In this series I’m expressing the larger issue of how we treat our natural environment – how we treat the spaces around us,” says Dan VanLandingham. “I want the concept to get as much consideration as the painting and design.
“It’s not just telling my story. I want to create more of a dialogue through my work. I want the viewer to write the narrative.”
But VanLandingham provides the elements of consideration. In King of the Forest, there are subliminal visual references to impermanence and deforestation.
“Both the trees and the deer own their spaces,” the artist says, “but both are there as temporary parts of the landscape. And the red X on the tree refers to many things, including the marking of trees for cutting.”
His inspiration is not confined to Island sites and locations. “My landscapes and street scenes are invented spaces, nonspecific, a general composite of what we have in this country presented in a familiar enough way to make the viewer feel connected.”

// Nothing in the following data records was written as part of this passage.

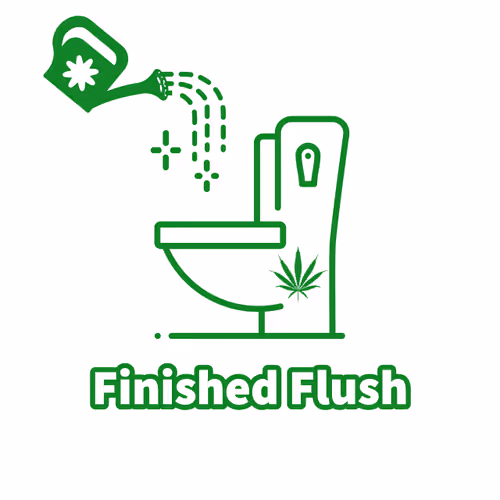 50513128607800716291001204284851075840536625727922592164304407741659300757514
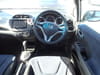 2011 HONDA FIT DBA-GE6 GE6-1543457
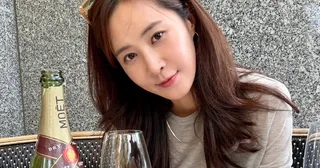 Yuri Girls’ Generation เตรียมโบยบินออกจาก SM Entertainment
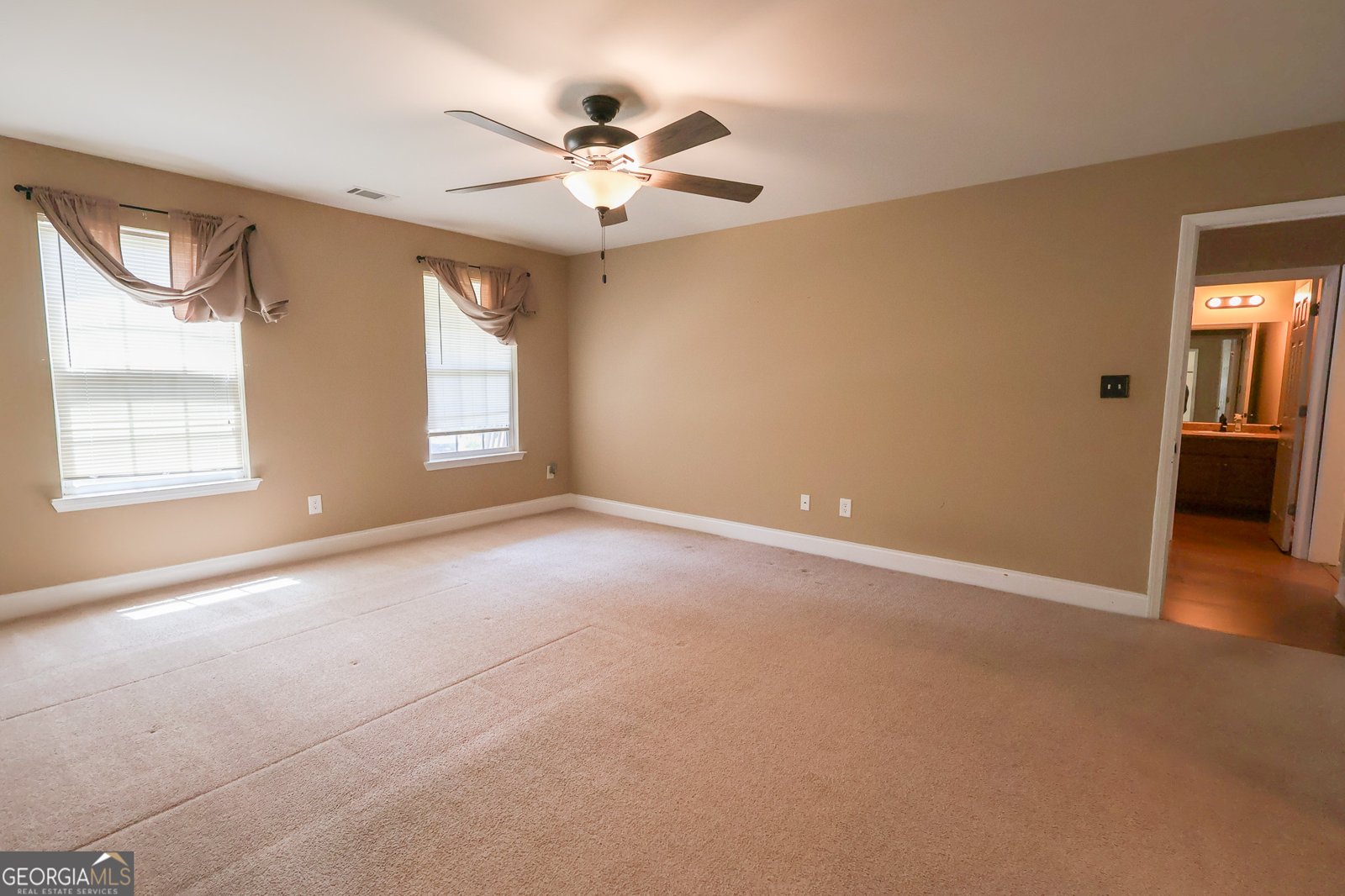 222 Olde Hickory Circle Bonaire - 12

His painting technique contributes to making his work unusual. Pieces of acrylic colors that have been poured on a glass palette to dry are scraped off, shaped, and added to select objects on his canvas to create
a dimensional effect.
“I become the architect of the landscape, using the addition and subtraction of paint to transform the space. I physically built the trees with pieces of paint. The process pushes the deer up off the background, and shadowsare created that add volume to the objects.
“It’s meticulous,” he admits, “and takes months to get the end result.”
The end result is not foreordained, however. Depending on his reaction to the composition and colors as they are developed, the image is changed and altered. “I like the idea of chance and randomness. It ties into the randomness and unpredictability in nature.”